Sunday, September 8, 2013

Second Year of Co-Teaching 6th Grade: What I Know Now

I realized last year that teaching on age sixth graders who are actually 10-11 years old is a lot different than the overage, emotionally disturbed and learning disabled students I was accustomed to. My seventh and eighth grade self-contained students ranged from 13-16 years old on average.  What a major difference!

Sixth graders are very needy. While seventh graders are the babies who are part grown, sixth graders are simply the babies of middle school.  They need and want adults to tell them what to do and how to do everything, including how to sit in a chair during class and when to sharpen their pencils.  That was new for me.

This year in addition to respecting self, teachers, peers and environment in sixth grade ELA, students will do the following:

students will talk only with permission. While productive chatter doesn't bother me, I learned sixth graders cannot handle talking in class.  Productive chatter quickly and easily turns to ridiculously silly chaos.  I was able to allow my self-contained students to talk quietly, partly because I had to also choose my battles and thankfully they were able to quiet down when necessary. However there are no battles in comparison in my current teaching situation, so talking out of turn will not be tolerated. 
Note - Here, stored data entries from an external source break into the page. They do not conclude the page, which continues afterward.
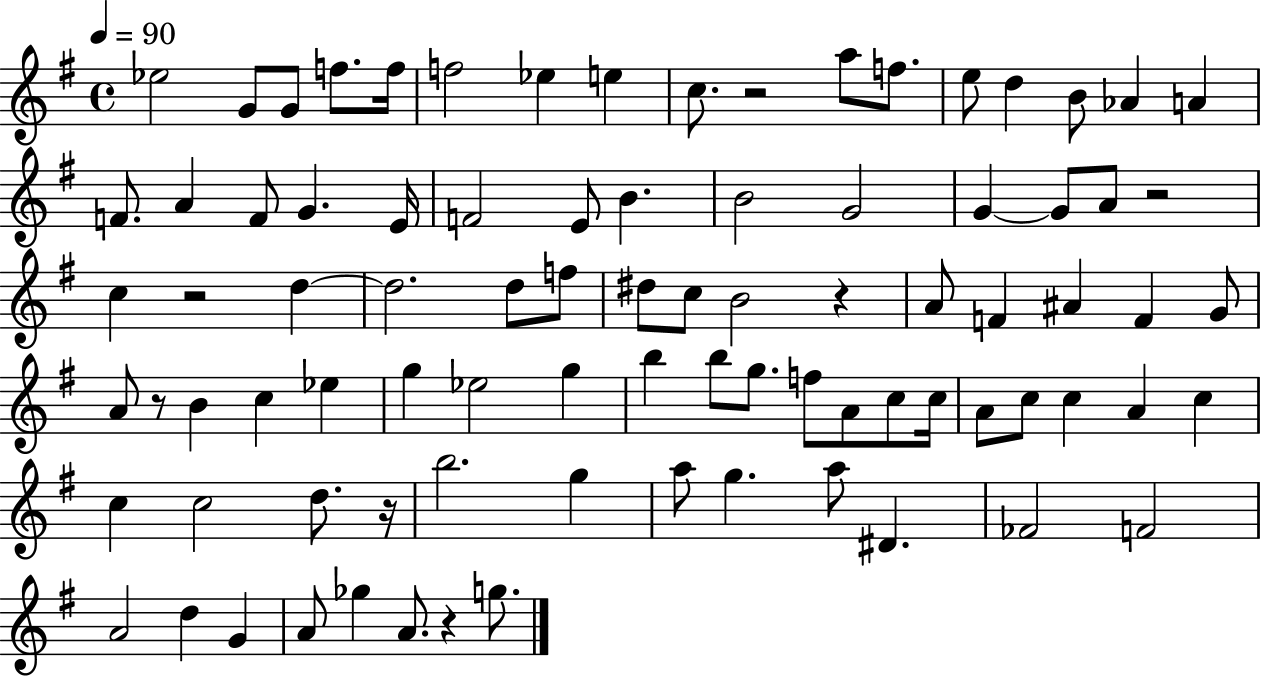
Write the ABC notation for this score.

X:1
T:Untitled
M:4/4
L:1/4
K:G
_e2 G/2 G/2 f/2 f/4 f2 _e e c/2 z2 a/2 f/2 e/2 d B/2 _A A F/2 A F/2 G E/4 F2 E/2 B B2 G2 G G/2 A/2 z2 c z2 d d2 d/2 f/2 ^d/2 c/2 B2 z A/2 F ^A F G/2 A/2 z/2 B c _e g _e2 g b b/2 g/2 f/2 A/2 c/2 c/4 A/2 c/2 c A c c c2 d/2 z/4 b2 g a/2 g a/2 ^D _F2 F2 A2 d G A/2 _g A/2 z g/2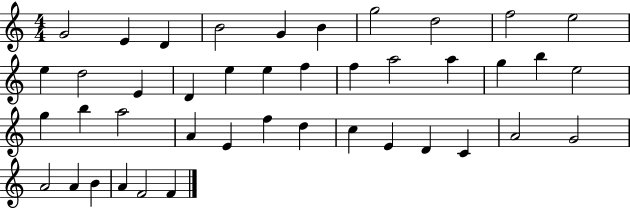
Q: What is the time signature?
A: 4/4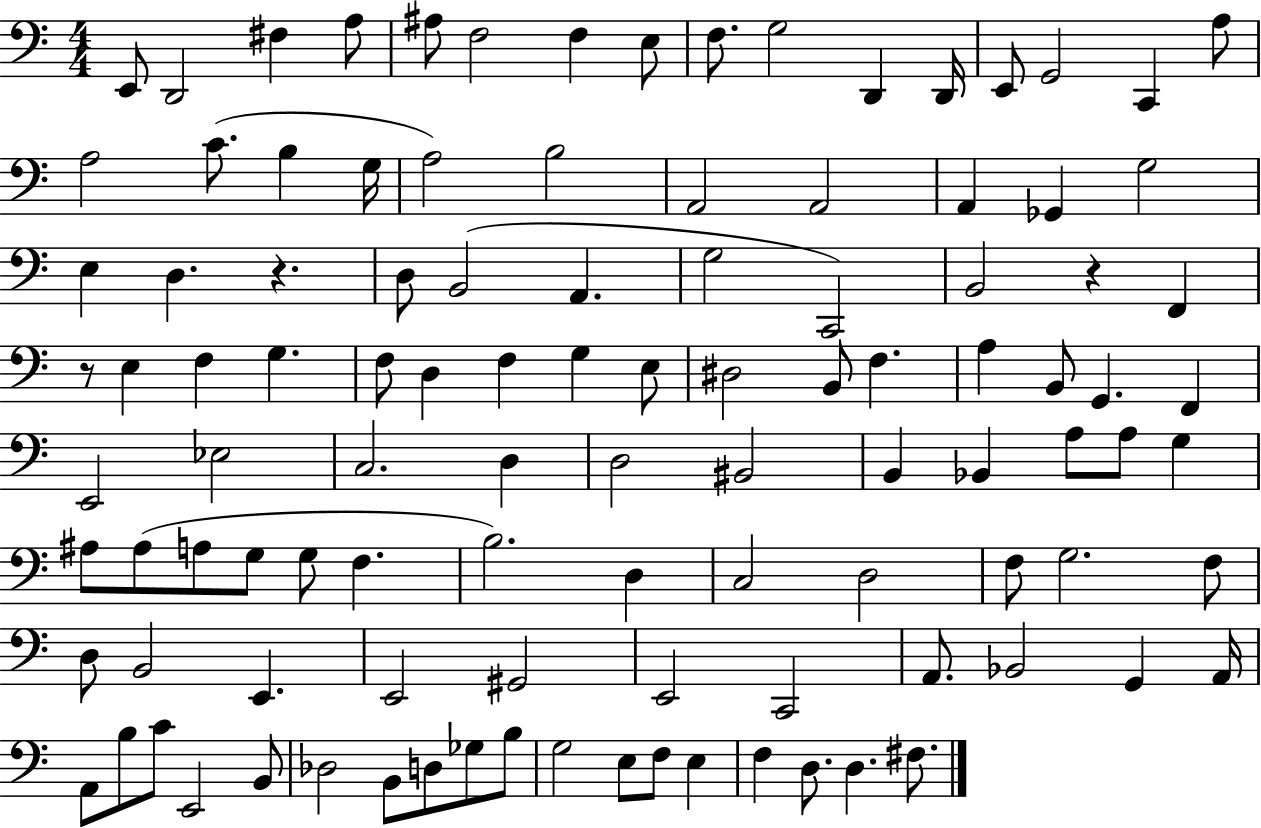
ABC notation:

X:1
T:Untitled
M:4/4
L:1/4
K:C
E,,/2 D,,2 ^F, A,/2 ^A,/2 F,2 F, E,/2 F,/2 G,2 D,, D,,/4 E,,/2 G,,2 C,, A,/2 A,2 C/2 B, G,/4 A,2 B,2 A,,2 A,,2 A,, _G,, G,2 E, D, z D,/2 B,,2 A,, G,2 C,,2 B,,2 z F,, z/2 E, F, G, F,/2 D, F, G, E,/2 ^D,2 B,,/2 F, A, B,,/2 G,, F,, E,,2 _E,2 C,2 D, D,2 ^B,,2 B,, _B,, A,/2 A,/2 G, ^A,/2 ^A,/2 A,/2 G,/2 G,/2 F, B,2 D, C,2 D,2 F,/2 G,2 F,/2 D,/2 B,,2 E,, E,,2 ^G,,2 E,,2 C,,2 A,,/2 _B,,2 G,, A,,/4 A,,/2 B,/2 C/2 E,,2 B,,/2 _D,2 B,,/2 D,/2 _G,/2 B,/2 G,2 E,/2 F,/2 E, F, D,/2 D, ^F,/2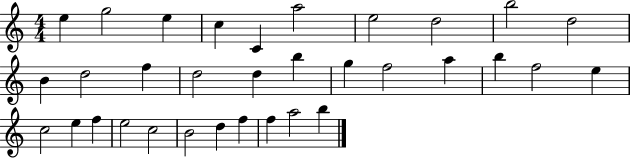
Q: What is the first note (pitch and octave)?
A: E5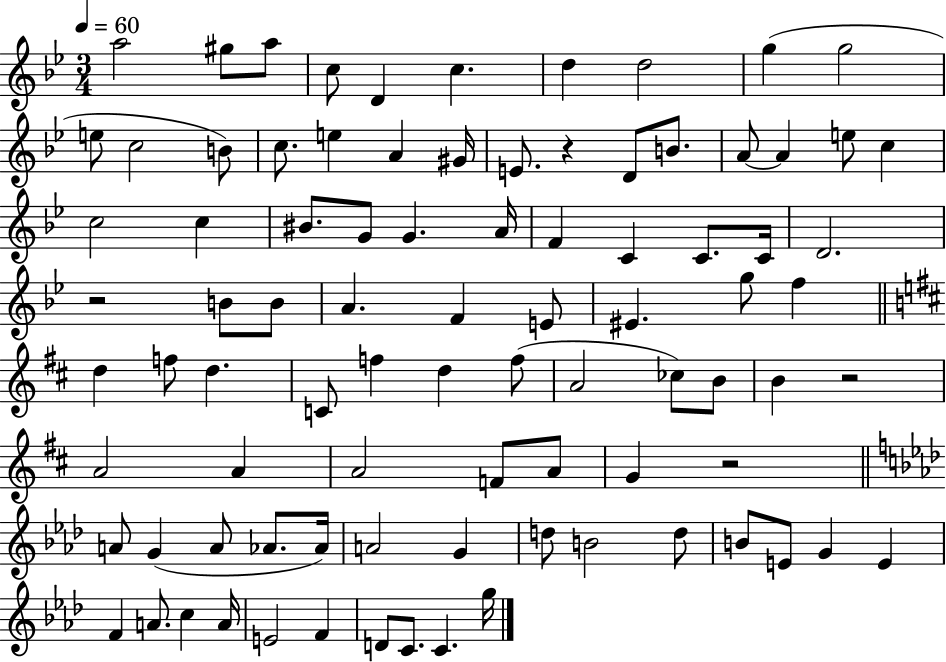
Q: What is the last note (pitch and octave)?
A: G5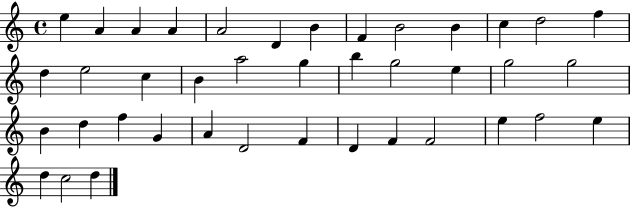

students will stay in their seat.  While I notice just about everything, a student getting up without permission was never cause  for me to reprimand or really call attention to. However, that has changed.  In a class of 30 sixth graders, or really any middle school grade for that matter, it is necessary for students to keep their seats in order to maintain just that: order. 

students will not chew, eat food candy or drink anything but water.  While I didn't encourage gum chewing in my past classes, it wasn't a battle I chose to combat. Sixth graders, on the other hand, will put gum everywhere even if its not allowed.  I may just hold a basket at the door this year. 

Consistency with all students regardless of grade is key. It's how students learn what is expected and tolerated. I live for new beginnings. The beginning of a school year is the perfect chance to think through and visualize every aspect of my classroom and create routines and procedures to make them happen. 

This year will be better than the last, and hopefully will include less sixth grade tantrums. The tears, the hiding, the sitting on the floor, all of the tantrum-type behavior was new for me last year. Nonetheless, I love teaching sixth grade, and the second year doing so in my eighth year of teaching must be a charm.